I looked around the table, the sincerity in their faces and nods hitting me harder than I expected. It was odd, but I believed them. “I appreciate that.”

“Yeah,” Nico added. “We’re a family. You can get mad at family, but at the end of the day, you’re still there for each other.”

The word family stuck in my head, looping over and over like a broken record. Especially after hearing it from him. After losing my folks, the team had been my family, my anchor, the thing that kept me grounded. But now, the word meant something entirely different.

Because when I heard that word, Gemma and Winnie’s faces came to mind. Family meant the life I’d been too afraid to embrace. Not just afraid, but stubborn, too. I’d dug my heels in about missing those years with Winnie, and what had that gotten me?

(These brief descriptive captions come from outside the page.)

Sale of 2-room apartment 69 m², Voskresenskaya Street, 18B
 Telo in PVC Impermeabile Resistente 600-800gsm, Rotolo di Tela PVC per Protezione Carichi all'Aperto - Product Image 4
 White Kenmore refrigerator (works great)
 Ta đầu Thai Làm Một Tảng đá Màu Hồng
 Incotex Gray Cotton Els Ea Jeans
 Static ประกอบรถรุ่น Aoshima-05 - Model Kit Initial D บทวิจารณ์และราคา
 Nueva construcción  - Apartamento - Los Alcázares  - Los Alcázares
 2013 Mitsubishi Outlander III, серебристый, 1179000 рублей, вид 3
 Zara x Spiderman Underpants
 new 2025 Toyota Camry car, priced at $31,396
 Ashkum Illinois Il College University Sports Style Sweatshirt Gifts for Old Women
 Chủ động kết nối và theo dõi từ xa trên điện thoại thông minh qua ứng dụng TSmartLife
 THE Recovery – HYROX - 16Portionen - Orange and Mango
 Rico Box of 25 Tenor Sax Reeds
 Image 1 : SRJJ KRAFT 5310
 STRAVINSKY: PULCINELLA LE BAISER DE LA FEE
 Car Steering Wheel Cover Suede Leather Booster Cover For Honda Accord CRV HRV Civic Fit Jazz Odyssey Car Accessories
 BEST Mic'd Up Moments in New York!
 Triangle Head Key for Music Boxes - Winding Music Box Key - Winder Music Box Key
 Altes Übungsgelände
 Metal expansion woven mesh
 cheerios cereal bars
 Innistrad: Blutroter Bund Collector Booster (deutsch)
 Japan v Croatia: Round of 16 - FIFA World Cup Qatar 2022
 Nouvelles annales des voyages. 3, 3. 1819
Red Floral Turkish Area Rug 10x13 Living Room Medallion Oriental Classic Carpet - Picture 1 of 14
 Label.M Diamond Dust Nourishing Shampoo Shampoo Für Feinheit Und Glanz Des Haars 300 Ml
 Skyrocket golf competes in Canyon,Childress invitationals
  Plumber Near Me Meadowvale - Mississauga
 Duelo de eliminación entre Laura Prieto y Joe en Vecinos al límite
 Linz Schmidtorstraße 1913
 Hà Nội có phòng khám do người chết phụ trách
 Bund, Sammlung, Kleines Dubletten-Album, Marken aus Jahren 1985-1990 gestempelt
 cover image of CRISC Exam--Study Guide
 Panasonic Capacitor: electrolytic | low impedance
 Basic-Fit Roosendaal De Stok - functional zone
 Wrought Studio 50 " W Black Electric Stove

I was alone in a bar, nursing my feelings, when I could have been spending time with my girls. If Gemma didn’t hate me for turning her out.

I sat there with the team, their laughter and banter drowning out the music, but my thoughts kept drifting back to the empty house I’d left earlier that night. To the woman I couldn’t stop loving, and the daughter I couldn’t stop aching for.

And for the first time, I wondered if I’d ever figure out how to bridge the gap between the life I had and the one I wanted.